Momentum builds for Welch drug price negotiation measure

October 7, 2009
Press Release

Nearly 70 Members of Congress join Welch in urging House Speaker to retain amendment in final health care bill

Sixty-nine Members of Congress have joined Rep. Peter Welch in an effort to ensure that final health care reform legislation includes a provision requiring the federal government to negotiate prescription drug prices directly with pharmaceutical companies.

In a letter to Speaker of the House Nancy Pelosi, Welch and his colleagues urged her to retain the provision, which would reduce drug prices for seniors enrolled in Medicare Part D and lower costs to taxpayers. Welch successfully included the provision in health reform legislation passed by the Energy and Commerce Committee in July.

Welch wrote in the letter, “We strongly believe that the federal government should use its purchasing power to lower the cost of prescription drugs for senior citizens as well as taxpayers. Any health care legislation signed into law should give authority for the Secretary of Health and Human Services to negotiate with drug companies to lower drug prices within the Medicare Part D program.”

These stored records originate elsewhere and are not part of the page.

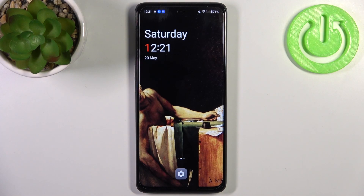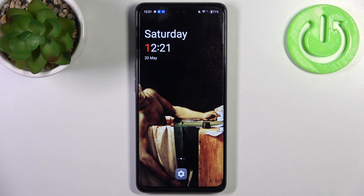Here I have the OnePlus Nord CE3 Lite, and today I'm going to show you how to format the SD card on this device.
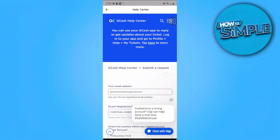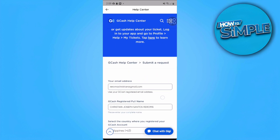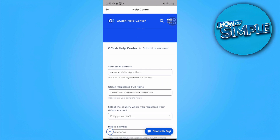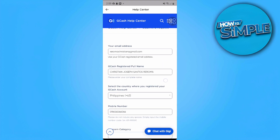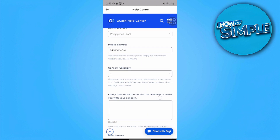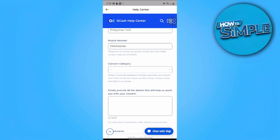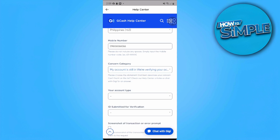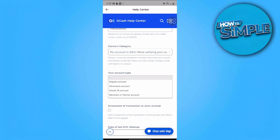Fill in your email address that you used to register your GCash, your GCash registered full name, and your mobile number. Then select a concern category — tap on it and choose Account Verification, then select 'I have an existing application' and 'My account is still verifying.' Fill in the required blanks.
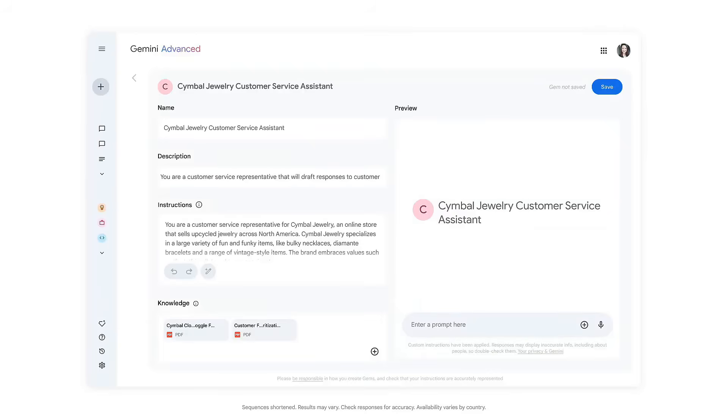I've created a gem, which is a customized AI expert you can train with specific context in Gemini. This one is my customer service helper, and it has access to all our product information and support policies.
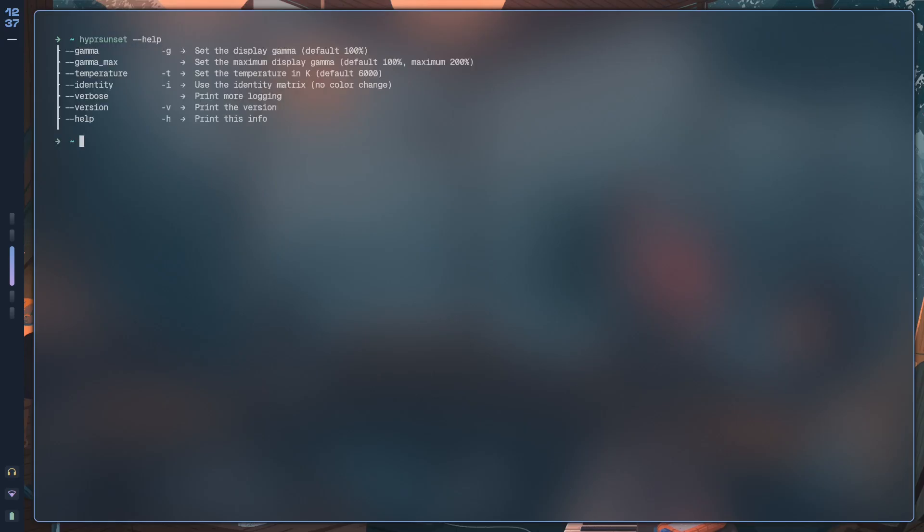So it's a bit hard to explain, but gamma all you need to know is that it's the perceived brightness of the screen. If you want to know how this actually looks, then it's best to try it out. So hypersunset, we'll just run with the help.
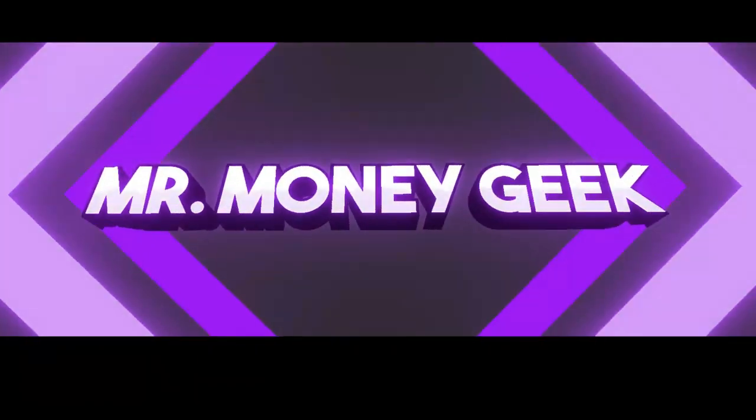Boom. What's up, Money Geeks. It's V here. Welcome to another video, guys.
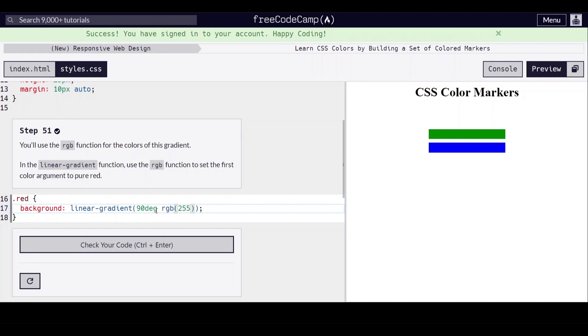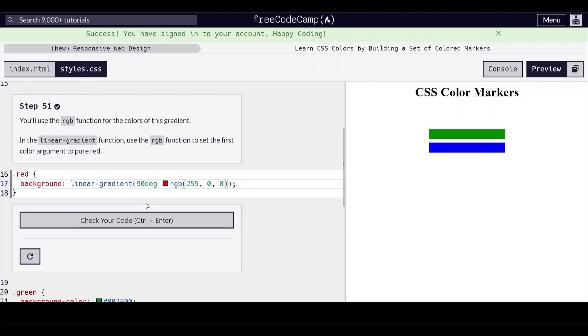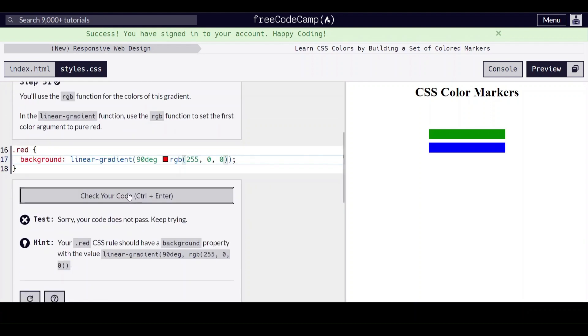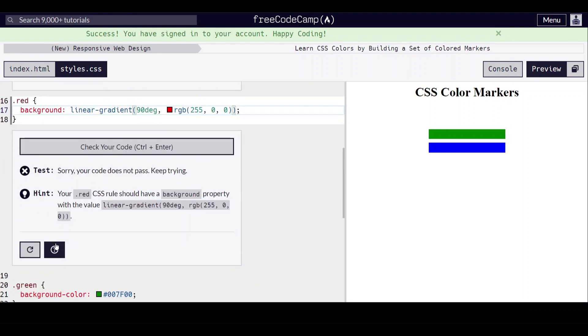So red is the first value: 255, and then we'll put 0 for the next values. Remember to separate these two items with a comma.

In 2004 Congress – at the urging of the pharmaceutical industry – barred HHS from negotiating Medicare Part D prices directly with drug companies. One of Welch’s first votes after taking office in January 2007 was to reverse that decision. While that bill – the Medicare Prescription Drug Price Negotiation Act (H.R. 4) – passed the House by an overwhelming majority, it failed to pass in the Senate.

Welch’s letter to the Speaker is copied below:

 

October 1, 2009

Dear Madam Speaker:

Thank you for your efforts to enact the most comprehensive health reform in over forty years. The House Tri-Committee bill will ensure quality of care, reform our health insurance system, cover millions of uninsured Americans, and contain costs. We are proud of the work the House has done under your strong leadership.

We strongly believe that the federal government should use its purchasing power to lower the cost of prescription drugs for senior citizens as well as taxpayers. Any health care legislation signed into law should give authority for the Secretary of Health and Human Services to negotiate with drug companies to lower drug prices within the Medicare Part D program. This requirement was included in HR 3200 during the Energy and Commerce Committee markup in July.

In 2008, an Oversight and Government Reform Committee report found that Medicare Part D insurers pay significantly higher prices for prescription drugs than the Medicaid program. It found that, if Medicare negotiated directly with drug manufacturers and obtained prices equivalent to the Medicaid prices for all Medicare beneficiaries, the potential savings to taxpayers would be $156 billion.

As you know, legislation to require drug price negotiation in the Medicare Part D program passed the House in 2007 by a vote of 255-170 with strong bipartisan support and 198 cosponsors. It was supported by AARP, National Committee to Preserve Social Security and Medicare, Consumers Union, the American Nurses Association, the Leadership Council of Aging Organizations, the American Medical Association, National Community Pharmacists Association, and many other organizations.

Requiring the Secretary to negotiate drug prices under Medicare Part D will contain program costs at a time when health care spending is growing at an unsustainable rate. We urge you to continue the fight to lower drug costs for America’s seniors by preserving this important provision in HR 3200.